Interestingly, Macmillan did try experimenting with fundraising using wireless, or WAP, technology, which allows mobiles to connect to the internet. The charity ran display advertising in newspapers with a variety of different response mechanisms, including a text short code. The idea was to encourage people to donate by SMS and to complete Gift Aid declarations using the mobile internet.

"The campaign didn't generate enough new supporters or sufficient donation levels to warrant us running it again on a larger scale," says Avery. But the charity did learn a lot about using WAP technology for donation administration purposes, and it was the first charity to use WAP for Gift Aid declarations.

Avery says: "It may be an increasingly effective way for us to communicate with existing supporters and administer their gifts. The immediacy of response the mechanism offers still has masses of untapped potential for campaign fund-raisers, catalogue requesters, event registrants and so on."


Using text messaging to disseminate information to disabled people, particularly younger ones, is the goal of a recent initiative at disability charity Scope.

Last November, it launched a free service that encourages disabled people who want information or advice to contact Scope by text.

Steve Cairns, head of the Scope Response service, says: "We're constantly seeking to improve access to our information and advice for disabled people and their families.
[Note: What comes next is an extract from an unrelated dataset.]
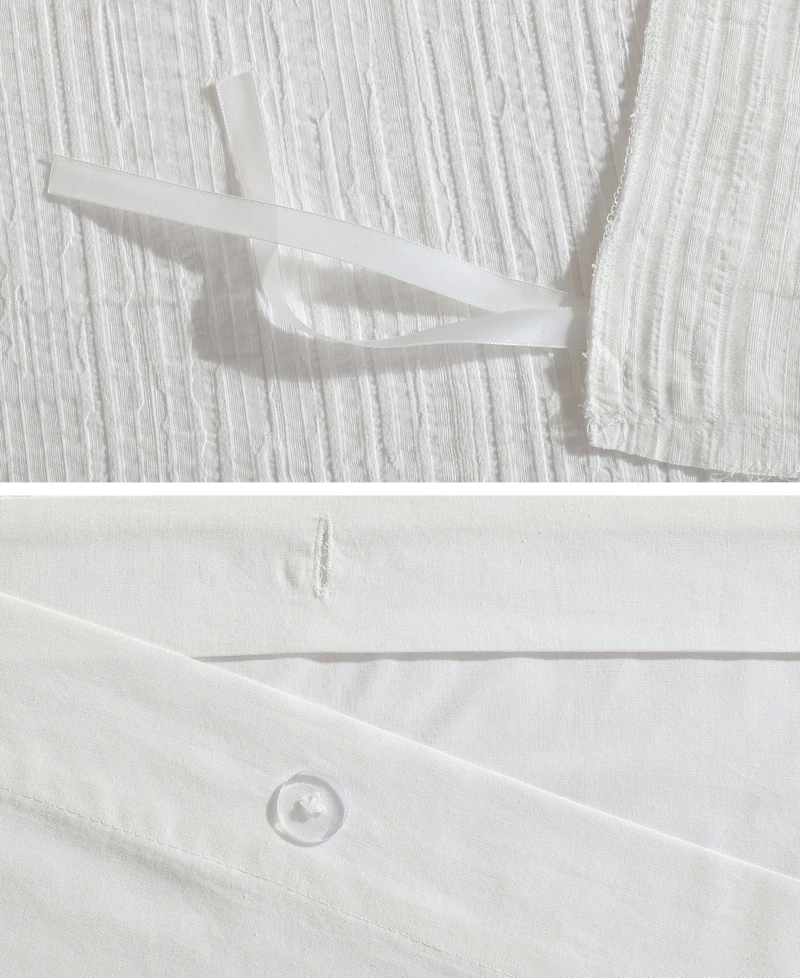 Vera Wang Bark Texture Cotton Jacquard 3-Pc. Duvet Cover Set, Queen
People could already contact us by phone, internet or email, but we felt that including text would widen it even further and perhaps encourage more younger people."

He adds that many younger people are more comfortable communicating by text than in other ways. "We're always trying to extend our reach, and using text is speaking to young people in their language. I like it; it feels like we're on an equal footing."

That said, the main limitation of text messaging, according to Cairns, is that longer and more complex responses cannot be easily communicated.

"If it's a complex enquiry, we will suggest that we continue by phone or email after the initial text communication," he says.